→ **What the task requires**
From the first line of the material to the line containing "CHEVROLET ONIX 2023 - Imagen 11 de 16", inclusive, write out each line exactly, leaving out the pictures.

→ **Material for the task**
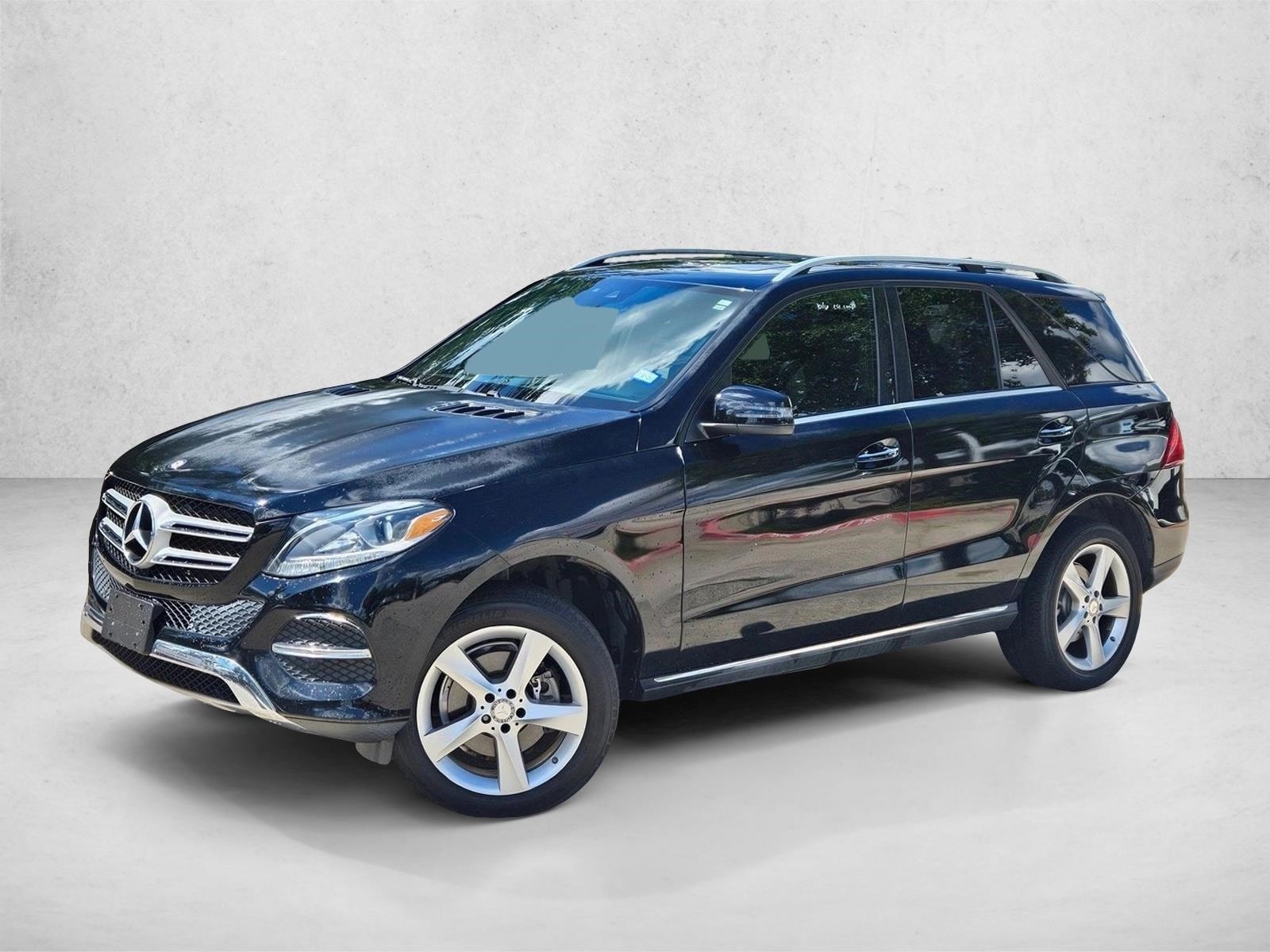 2016 Mercedes-Benz GLE-Class GLE350's photo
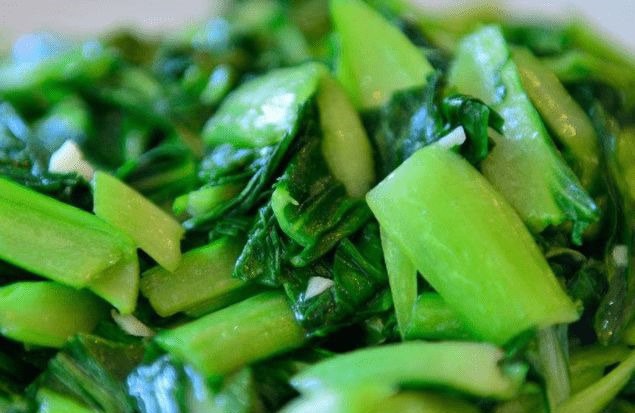 Xào rau chần qua nước sôi, bảo sao rau xào thâm đen, nhũn còn nhạt nhẽo - Ảnh 3.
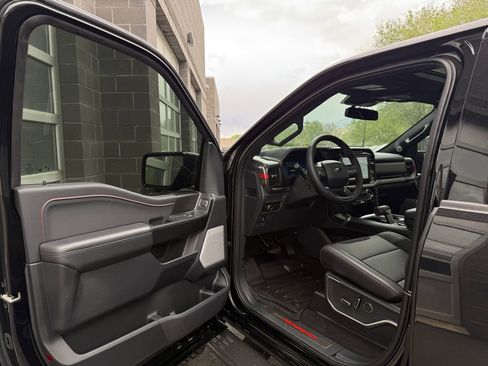 Used 2026 Ford F150 Raptor AWD/4WD image 34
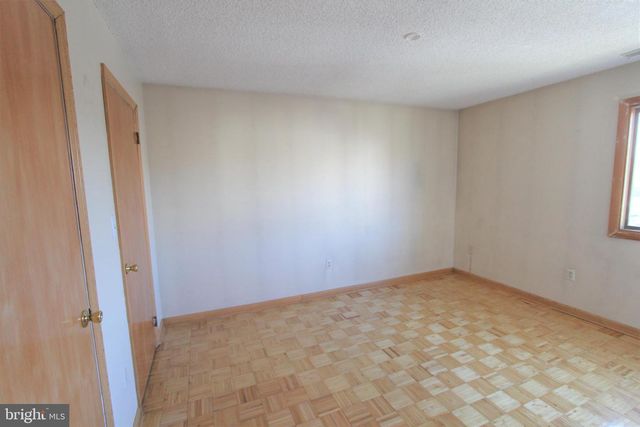 4812 RAVENS CREST DR, Plainsboro, NJ 08536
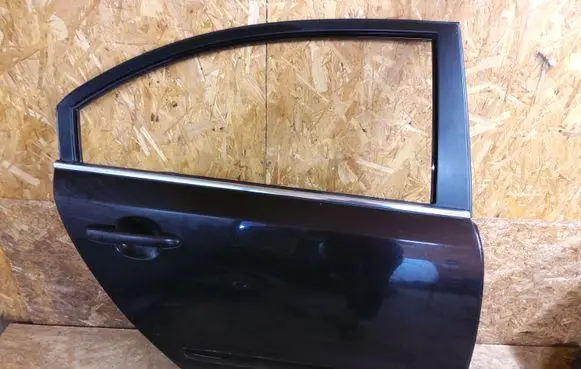 KIA Magentis Rear door
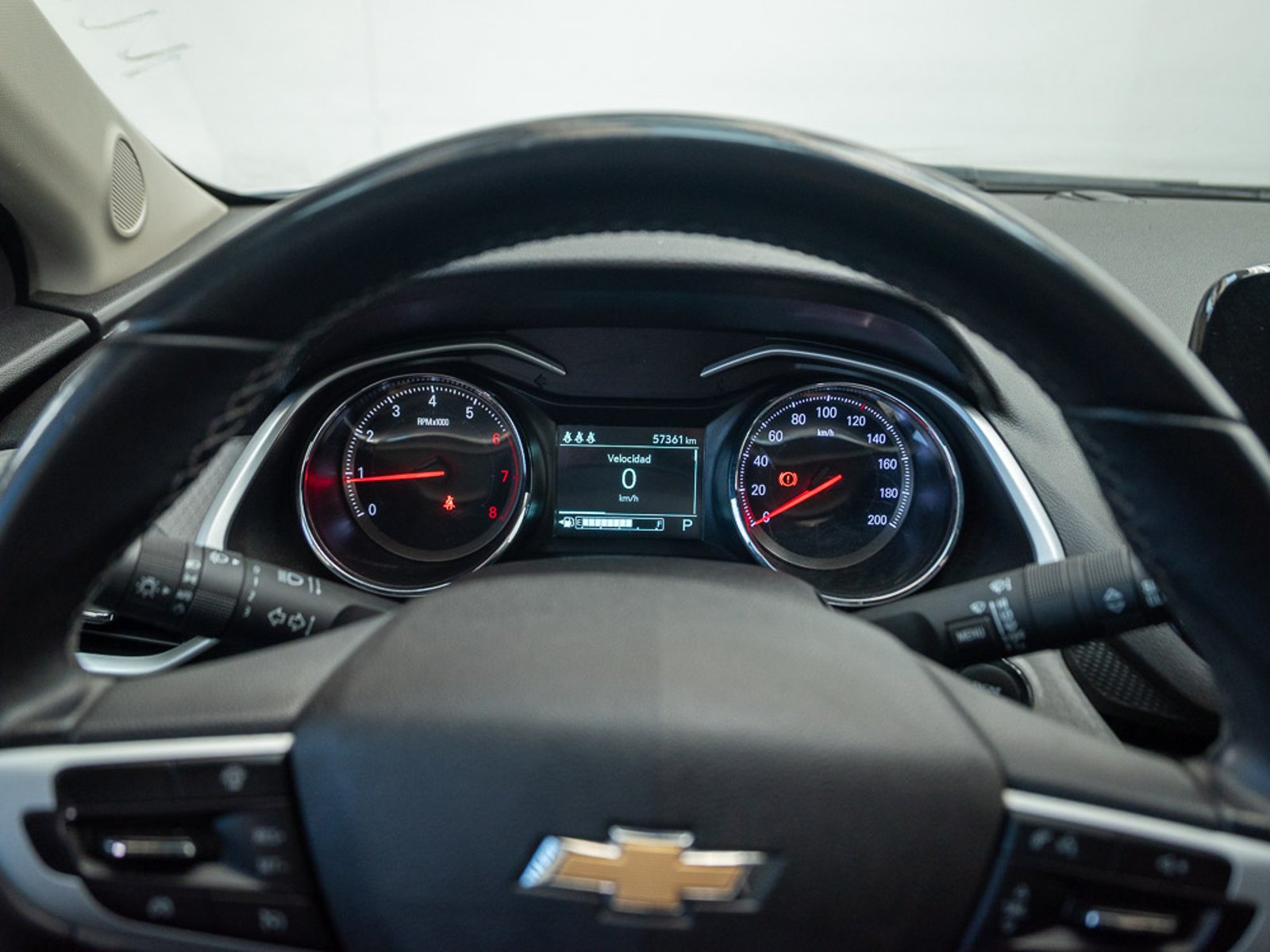 CHEVROLET ONIX 2023 - Imagen 11 de 16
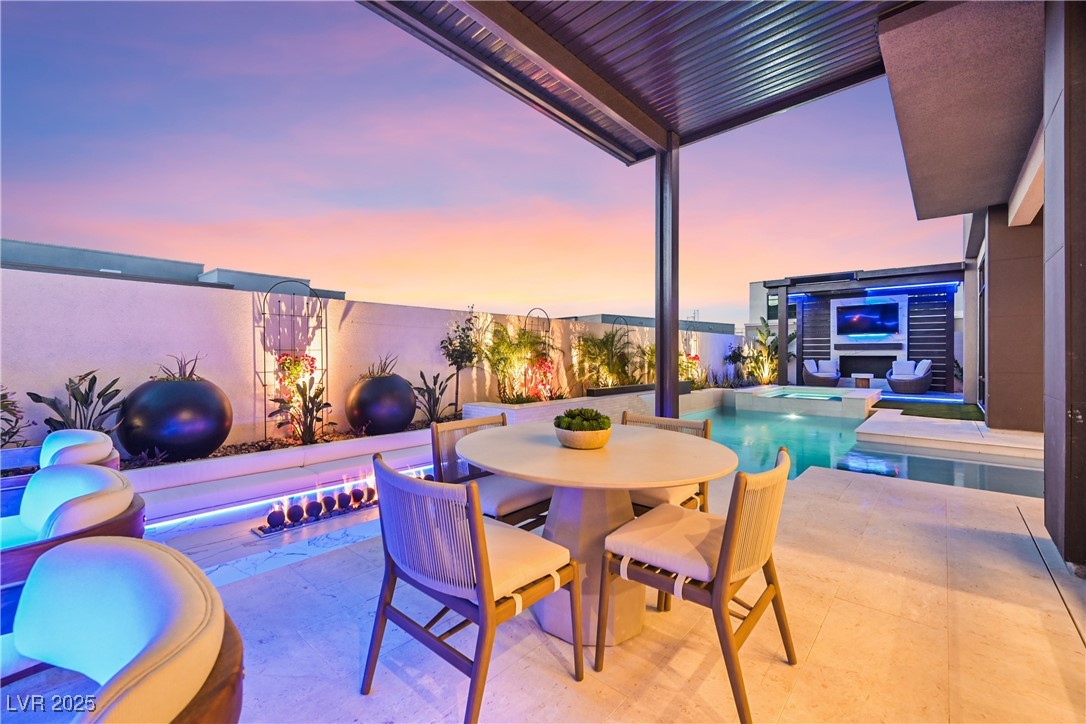 10718 Desert Heights Avenue Property Photo 48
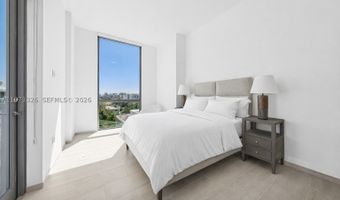 10281 W Bay Harbor Dr Ph1, Bay Harbor Islands, FL 33154
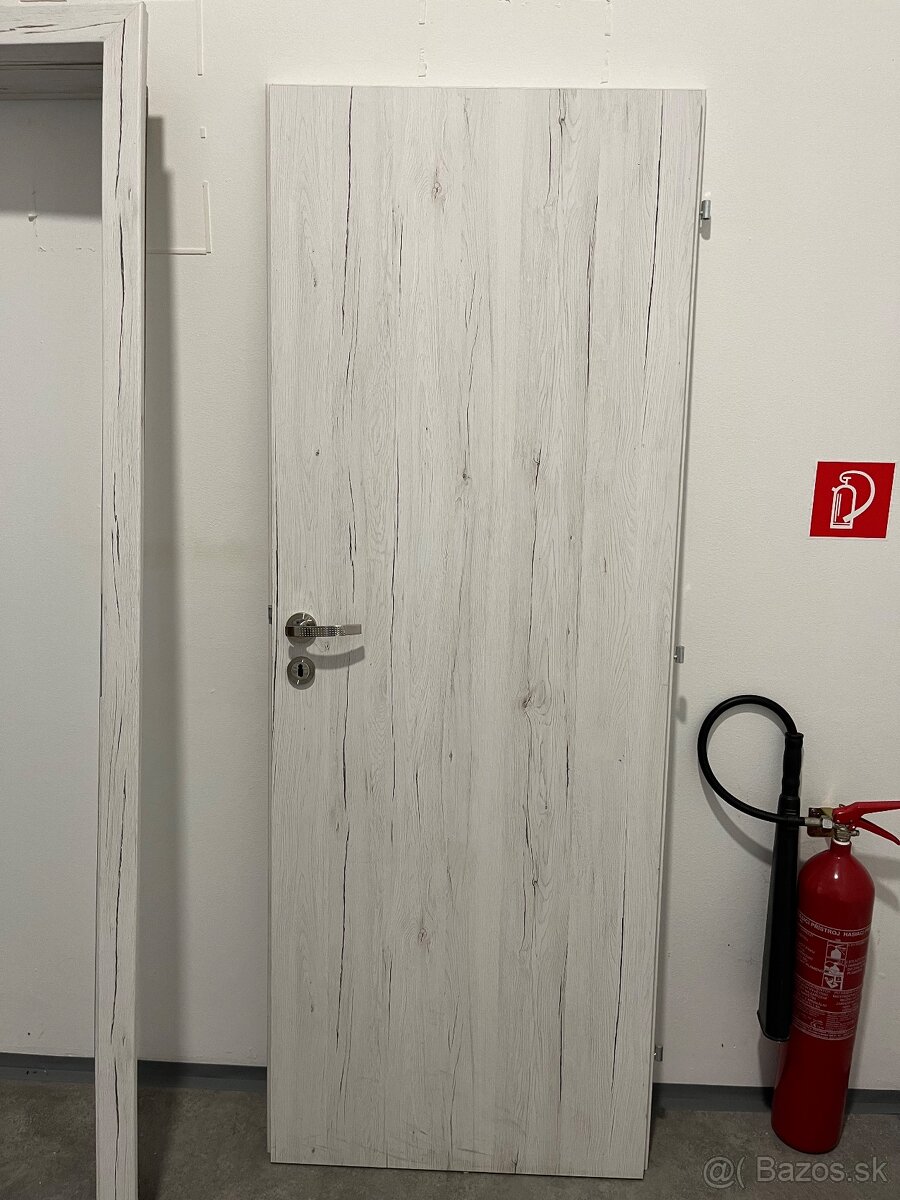 Predám dvere so zarubňou - 2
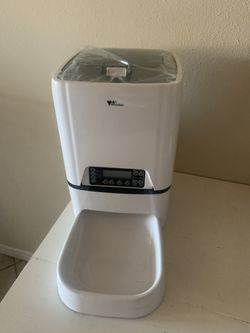 Automatic Dog Feeder Never Used
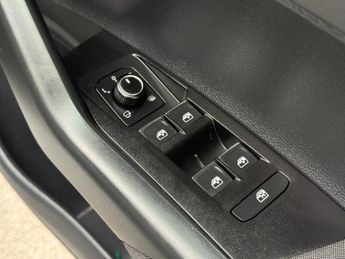 VOLKSWAGEN POLO 1.0 TSI R-Line DSG Euro 6 (s/s) 5dr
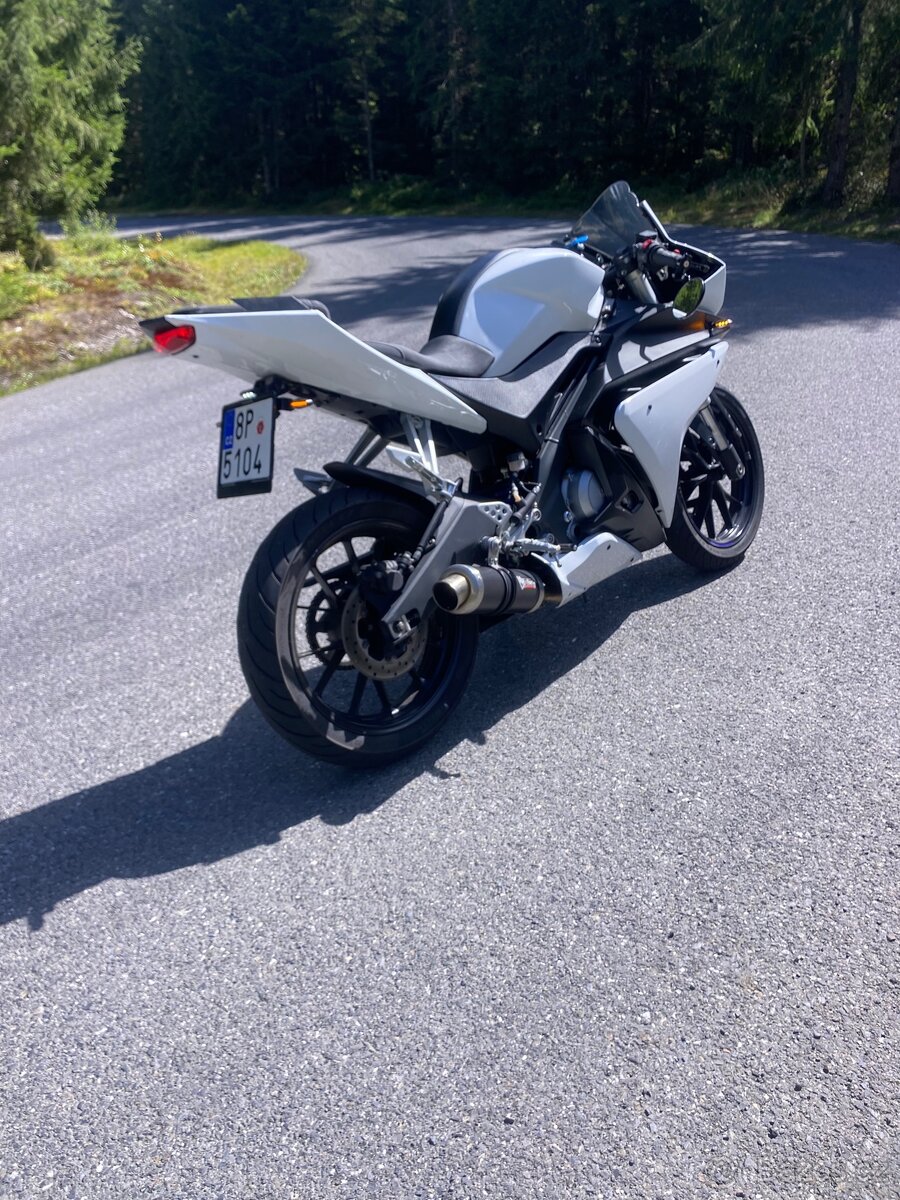 Yamaha YZF R125 - 3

→ **Task answer**
 2016 Mercedes-Benz GLE-Class GLE350's photo
 Xào rau chần qua nước sôi, bảo sao rau xào thâm đen, nhũn còn nhạt nhẽo - Ảnh 3.
 Used 2026 Ford F150 Raptor AWD/4WD image 34
 4812 RAVENS CREST DR, Plainsboro, NJ 08536
 KIA Magentis Rear door
 CHEVROLET ONIX 2023 - Imagen 11 de 16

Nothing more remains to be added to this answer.